Поздним вечером, выпив легкое снотворное, она засыпала минут на двадцать, но разговор с Шуриком внедрялся в сон и разрушал его. Она долго с ним общалась в лекарственной дреме – то он просил у нее прощения, то они ссорились и мирились, и все эти общения были отчасти управляемы, она придумывала сюжет, и он развивался в заданном направлении… Маялась. Потом вставала…

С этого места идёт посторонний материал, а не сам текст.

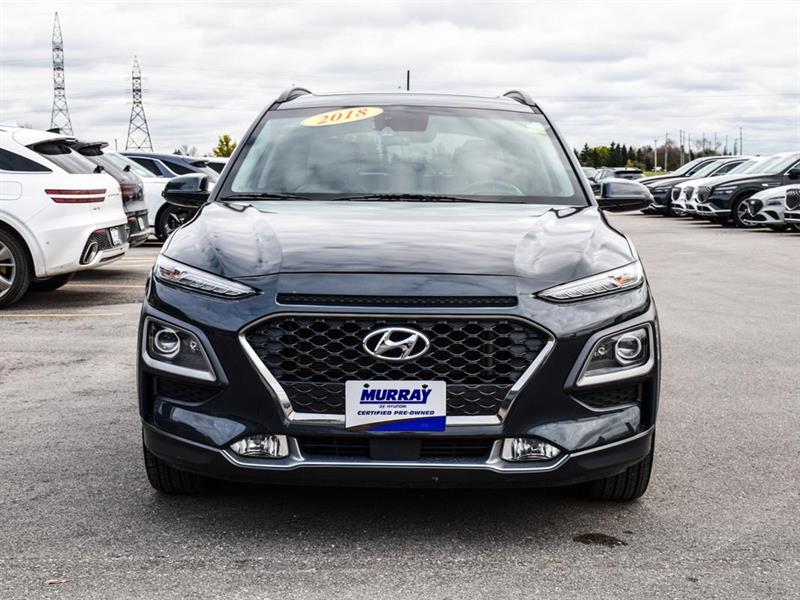 hyundai Kona 2018 - 3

Ее сон, от природы робкий и пугливый, вконец разрушился, и теперь она поднималась по ночам, пила горячую воду с лимоном и садилась к столу – вертеть шелковые цветы, белые и красные, для артели, изготовлявшей похоронные венки. Она была лучшей мастерицей, но хороших заработков у нее никогда не получалось, потому что работала она очень медленно. Зато розы, которые она скручивала на круглой ложке из тонкого проклеенного шелка, отличались печальной удлиненностью, которая другим мастерицам не давалась.
До утра сидела она в стеклянном состоянии перед скользким шелком, утром засыпала минут на двадцать и снова садилась к столу. Из дома она почти не выходила: боялась пропустить приход Шурика.
Она уже понимала, что совершенно выпала из полумедикаментозного душевного равновесия, которое почти год поддерживал замечательный доктор Жучилин, толстый и ласковый, как престарелый кастрированный кот.
Так продержалась она месяц и пошла к Жучилину. Жил он недалеко, на Малой Бронной, и она уже давно ходила к нему домой, а не в больницу.
Жучилин был из породы благородных мазохистов, вдумчивый и сострадательный врач, и многих пациентов превращал в свой пожизненный крест. Денег он стеснялся, увиливал от них, подарки принимал книгами и коньяками. Светлана шила для его дочери маленьких кукол с нарисованными по шелку белыми личиками, в красных и голубых платьях…
Со студенческих лет самоубийство зачаровало доктора как непостижимое и притягательное влечение особой породы людей, и выбор психиатрической специальности был скорее гуманитарным, чем медицинским. Светлана была из этой самой породы, несущей в себе внутреннюю тягу к самоубийству, и познакомился он с ней после ее третьей суицидной попытки, к счастью, неудавшейся.